Di Ranah Digital, Mereka Menyuarakan Perlawanan!

ilustrasi

DI satu sore yang cerah di Depok, Jawa Barat, seorang sahabat mengajak saya untuk berbincang serius. Sahabat itu adalah mantan aktivis Walhi yang kini tengah mengorganisir perlawanan melalui jalur hukum untuk mempertahankan kawasan hutan Leuser, yang tengah terancam oleh kebijakan pemerintah. Dia meminta dukungan untuk mengorganisir suara-suara warga yang memiliki idealisme sama untuk melihat hutan lestari.
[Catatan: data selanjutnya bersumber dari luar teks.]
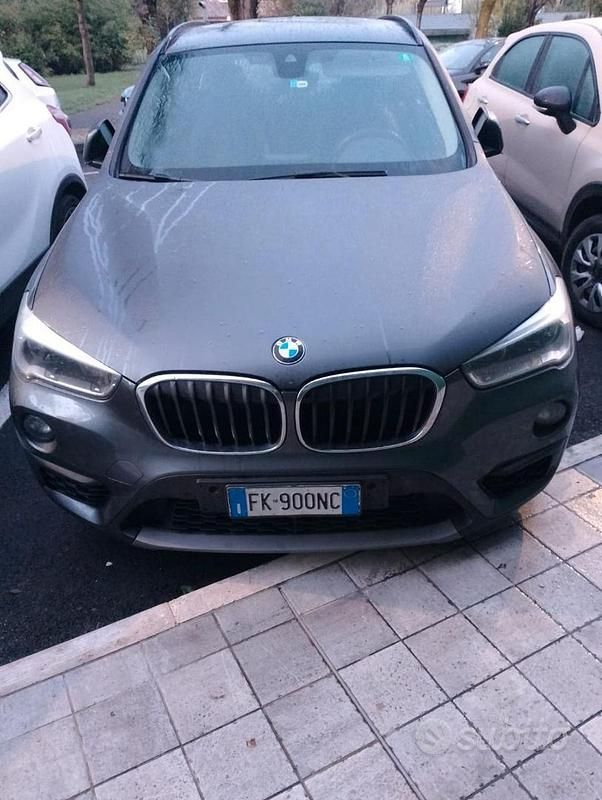 Usata BMW X1 Advantage 190 CV (139 kW) 2017 Grigio SUV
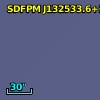 SDFPM J132533.6+274708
Kami sama-sama sepakat untuk mengorganisir satu lomba blog. Kami sama-sama penasaran, seperti apakah suara-suara netizen dan warga dunia maya terkait hutan, apakah mereka memang menginginkan hutan itu tetap lestari dan menghadirkan kesejukan serta satwa yang hidup damai, ataukah mereka sepakat dengan langkah pemerintah untuk menebang hutan bersama para investor.

Tadinya ada sejumput keraguan tumbuh di benak saya. Bisakah lomba blog efektif untuk mengalirkan suara-suara mengenai lingkungan yang selama ini terabaikan? Sejauh pengamatan saya, lomba-lomba kepenulisan di ranah maya lebih banyak disponsori oleh produk yang dijajak melalui online. Banyak pula lomba yang diadakan instansi pemerintah dengan dana besar. Banyak pula lomba yang diadakan perusahan tambang dengan arapan mendapatkan dukungan publik melalui citra positif. Di tengah berbagai fakta itu, saya bertanya-tanya, bisakah lomba blog bertemakan lingkungan efektif untuk mendorong warga mengungkapkan suara-suara yang selama ini terabaikan?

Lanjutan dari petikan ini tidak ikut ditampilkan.